The task: Lines from the one containing "A bright green" through the end of the data below are to be transcribed exactly; leave out all others.

[Records from a dataset]
□ □ □ □
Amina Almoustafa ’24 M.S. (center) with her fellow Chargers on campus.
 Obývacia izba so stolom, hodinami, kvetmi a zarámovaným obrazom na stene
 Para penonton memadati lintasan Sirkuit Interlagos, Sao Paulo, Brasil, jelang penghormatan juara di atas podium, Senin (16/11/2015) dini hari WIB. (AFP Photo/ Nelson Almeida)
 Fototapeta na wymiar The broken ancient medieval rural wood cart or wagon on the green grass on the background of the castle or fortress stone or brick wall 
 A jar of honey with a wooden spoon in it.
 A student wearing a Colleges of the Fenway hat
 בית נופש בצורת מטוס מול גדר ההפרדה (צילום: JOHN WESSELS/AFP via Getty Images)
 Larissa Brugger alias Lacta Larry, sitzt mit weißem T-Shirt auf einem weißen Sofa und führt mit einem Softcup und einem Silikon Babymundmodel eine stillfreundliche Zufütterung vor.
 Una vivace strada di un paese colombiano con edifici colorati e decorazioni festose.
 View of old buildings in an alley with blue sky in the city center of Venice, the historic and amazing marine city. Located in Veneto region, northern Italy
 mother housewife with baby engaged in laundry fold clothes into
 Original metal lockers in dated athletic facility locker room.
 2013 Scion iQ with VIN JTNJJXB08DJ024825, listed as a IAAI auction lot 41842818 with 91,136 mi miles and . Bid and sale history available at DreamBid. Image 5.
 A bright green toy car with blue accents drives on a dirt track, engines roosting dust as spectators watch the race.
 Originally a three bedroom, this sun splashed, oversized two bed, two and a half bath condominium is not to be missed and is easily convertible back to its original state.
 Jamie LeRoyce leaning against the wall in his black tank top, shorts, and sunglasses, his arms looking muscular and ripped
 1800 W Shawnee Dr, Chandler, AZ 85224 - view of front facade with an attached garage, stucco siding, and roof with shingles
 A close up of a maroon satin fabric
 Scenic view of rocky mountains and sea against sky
□ □ □ □
Answer space:
 A bright green toy car with blue accents drives on a dirt track, engines roosting dust as spectators watch the race.
 Originally a three bedroom, this sun splashed, oversized two bed, two and a half bath condominium is not to be missed and is easily convertible back to its original state.
 Jamie LeRoyce leaning against the wall in his black tank top, shorts, and sunglasses, his arms looking muscular and ripped
 1800 W Shawnee Dr, Chandler, AZ 85224 - view of front facade with an attached garage, stucco siding, and roof with shingles
 A close up of a maroon satin fabric
 Scenic view of rocky mountains and sea against sky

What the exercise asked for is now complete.